En la primavera es verde de trigo y cebada, de avena y centeno, de árboles y flores.
El otoño es precioso, me dices. Muriel se cubre de ocre y dorado, de amarillo y verde, de incontables matices antes de quedar los árboles sin su atuendo.
El verano es soleado, desde la distancia puedes ver un mar dorado en los trigales y que se hace amarillo con los girasoles. Ya lo he visto, te digo, y no has podido describirlo mejor.
Ven, me reclamas, ven conmigo. Si la fuente es el corazón de Muriel, ahora te mostraré su alma. Me llevas contigo. Vamos… al pinar. Desde la distancia se ve… y se huele. En él te arropan el silencio y la calma. La hierba hace discreto el ruido de nuestros pasos. Oímos el rumor de viento. Esta es su alma, acogedora e íntima. Nos sentamos en un tronco de pino segado por la naturaleza y escuchamos las voces de los habitantes del bosque. Como de la nada, surgen en la fronda, muy cerca, los negros y asombrados ojos de un cervatillo. No queremos respirar para hacer más largo el momento, para contemplar aquello que me parece la encarnación de este lugar. Qué preciosa criatura, serena y frágil, silenciosa y tímida. Sus ojos contemplan los nuestros. ¿Cuánto duró ese instante? No lo sé, para mí fue efímero y eterno. Efímero porque acabó y eterno porque no lo olvido. Tú estabas a mi lado, descubro tu mano en la mía. Bendito ciervo. Se rompe el hechizo, lentamente, como si no pisara el suelo, el pequeño animal vuelve a dejarnos solos.

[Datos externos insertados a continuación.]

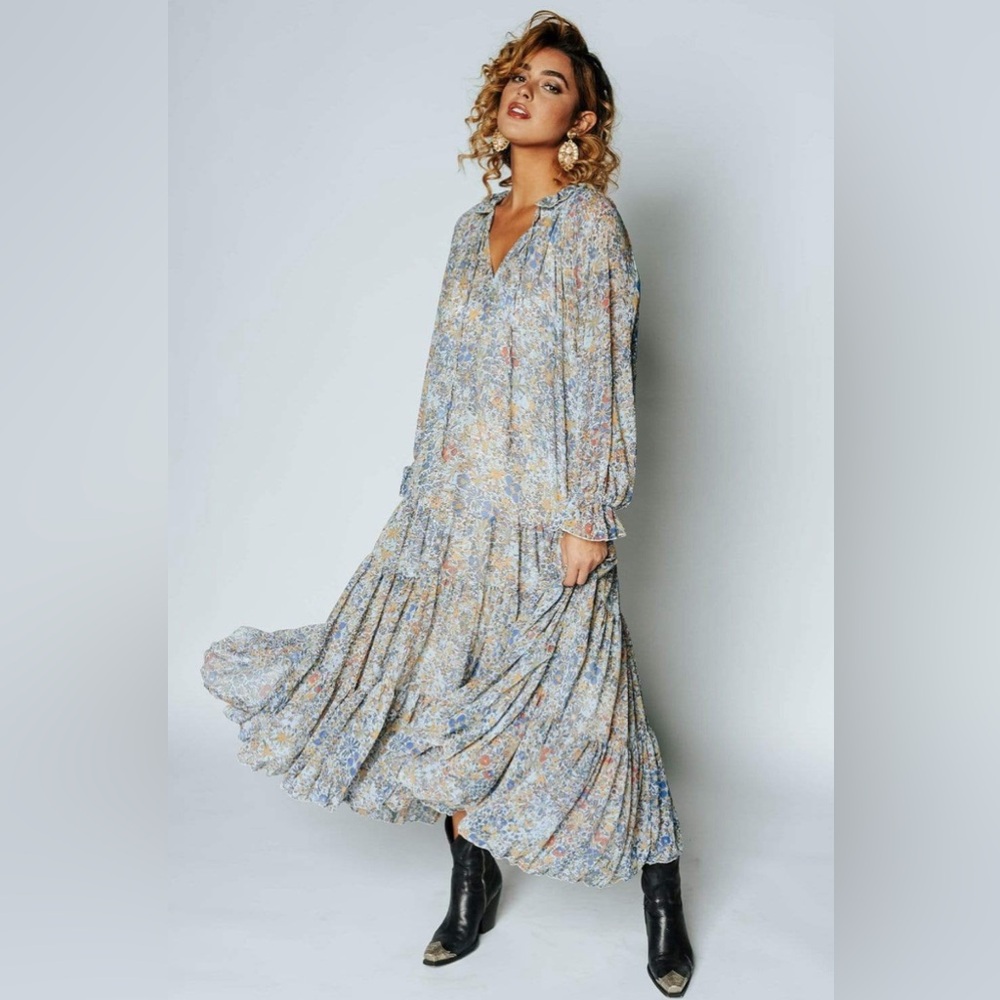 Free People Feeling Groovy Dress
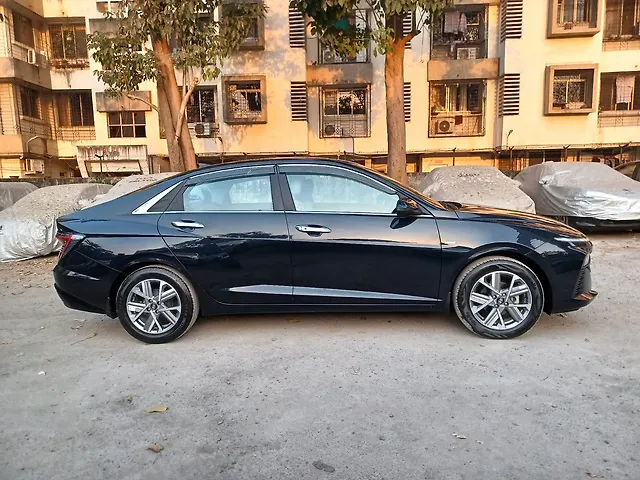 Used Hyundai Verna [2023-2026] SX (O) Petrol 1.5L Automatic (CVT) in Pune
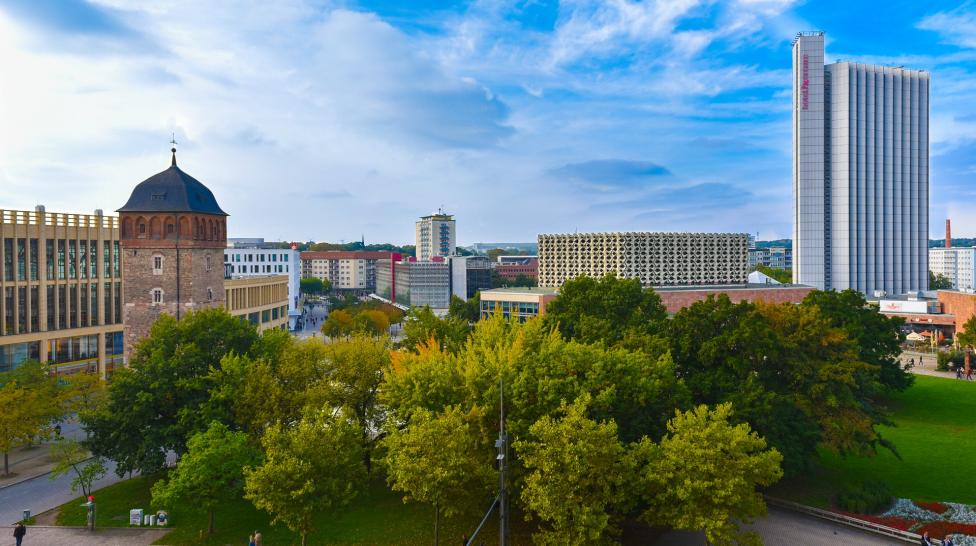 BSKP eröffnet Niederlassung in Chemnitz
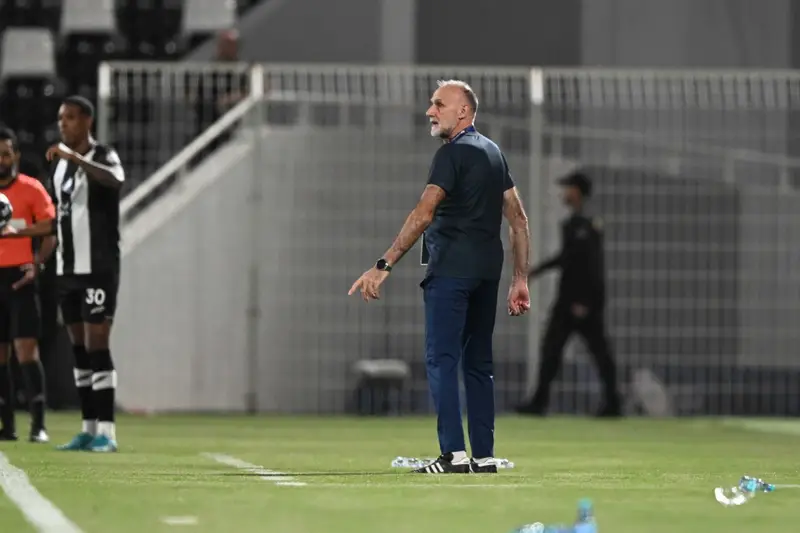 مساعد مدرب الشباب: لا توجد مباراة سهلة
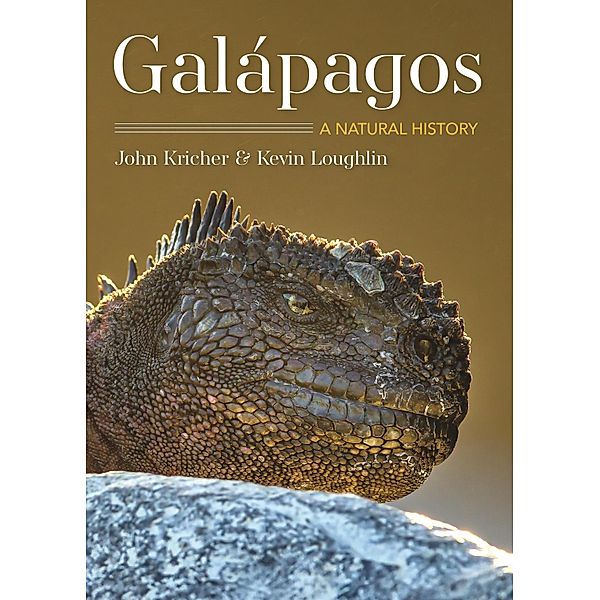Galápagos, John C. Kricher, Kevin Loughlin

Ahora son tus ojos los que miro. Quisiera sumergirme en ellos. “Volvamos”, me dices y contigo vuelvo. Pero ahora camino tomado de tu mano. El camino es distinto. Más maravilloso si cabe. Me he enamorado.
Hoy he conocido el rostro de Muriel. Me ha parecido bello, capaz de despertar sentimientos de ternura, de ganas de volver, de estar, de permanecer, de amar. Porque para mí, el rostro de Muriel, eres tú.